Some of you may have seen that eBags recently decided to shut down its UK operations. For the past few years, online retailers have been looking towards Europe as an opportunity for strategic growth. This move by eBags definitely raises some questions. I had the privilege to catch up with eBags Co-Founder and SVP Peter Cobb (and also a Shop.org Board member) to get his take on why eBags made this decision and what he thinks it means for other online retailers.
Scott: What was eBags’ initial plan for success when you launched in the UK a few years ago?
Peter: Our plan was to form a beachhead for the EU (we chose Cambridge, UK), establish the UK business, then roll out to the 400M potential customers in continental EU. We would roll out to the rest of the EU with the team of ten we had in the UK. We got the UK part up and it was actually working quite well (125 brands, 10,000 bags all drop-shipped directly from the brands).
Scott: Can you give me a general overview of why eBags decided to shut down its UK operations and put a hold on EU expansion?
Peter: It’s a complicated question and answer. It would have required a few more years for the UK business to be profitable, which was acceptable during the pre-meltdown days, but the environment has changed and there is much more uncertainty. eBags probably is experiencing what a lot of companies are going through right now. Taking a look at each area as an entity and determining whether to keep it based on its ROI. The issue was whether we wanted to spend the internal Denver resources on IT, customer care, translations, financial reporting, web design, etc. for each country we rolled out to or whether there was more upside in focusing on solidifying the strength and market share of the eBags USA business with those same resources (a common dilemma within companies).

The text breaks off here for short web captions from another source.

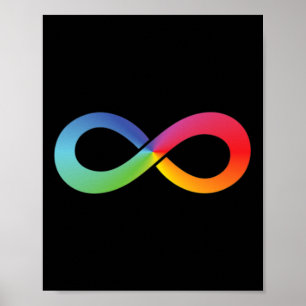 Poster Símbolo Infinito Arco-Íris Neurodive de Consciênci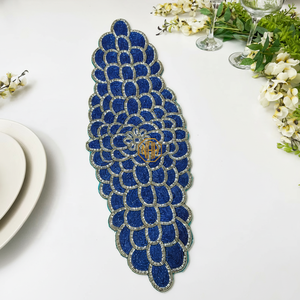Red Gold Poinsettia Modern Floral Embroidered Beaded Cutwork Table Runner Linen Christmas Holiday Decor Wholesale OEM ODM - Product Image 3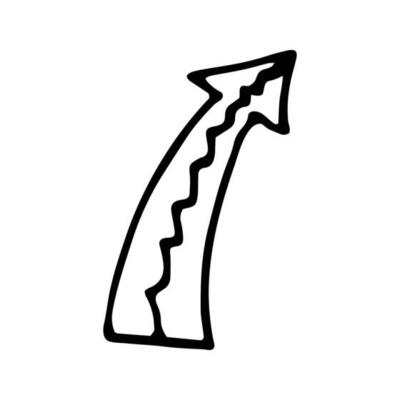 Single element of arrow in doodle business set. Hand drawn vector illustration for cards, posters, stickers and professional design.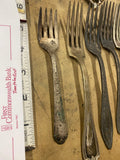 Lot of 6 Vintage Silverplate Forks Mixed Patterns - Rogers Plymouth Flatware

As you know, our business model is drop-ship and we have 550 brands and 42,000 products on eBags USA so we feel that our model is superior, especially during these times when other retailers are slashing inventory.
Scott: What lessons did eBags learn from this experience?
Peter: In reality, entering a new country makes it a startup business and it takes several years to become profitable. One reason is that the sales have to scale to cover the fixed costs. Also, entering a new country a site has to generate visitors and unless a brand already has high awareness, the fastest way is through keyword search. As you probably know, expensive keyword search is ok when it is 15-25% of the sales mix but when you start out in a geographic area with minimal traffic and no email list, keywords tend to be 80% of your marketing spend and sales. Tough to justify during these difficult times. Every retailer looking at the EU will face this (unless it is Amazon, eBay, Walmart, etc. who might have instant awareness).
Scott: Do you think other online retailers can be successful in Europe and do you have any plans for resuming eBags’ EU expansion?
Peter: Time will tell, but our feeling is that it is doubtful that other bag retailers will have much success in the EU over the next few years and we will be able to re-visit the EU when blue skies return and some of our competitors have vacated the category.
Scott: Retailers are usually willing to share their successes, but some of the best lessons are drawn from setbacks or when things don’t go as planned. On behalf of the entire Shop.org community, I want to thank you for being so forthright and sharing this very helpful information. I strongly encourage other people to reply to this blog with additional insights they may have about online retail international expansion in today’s economy.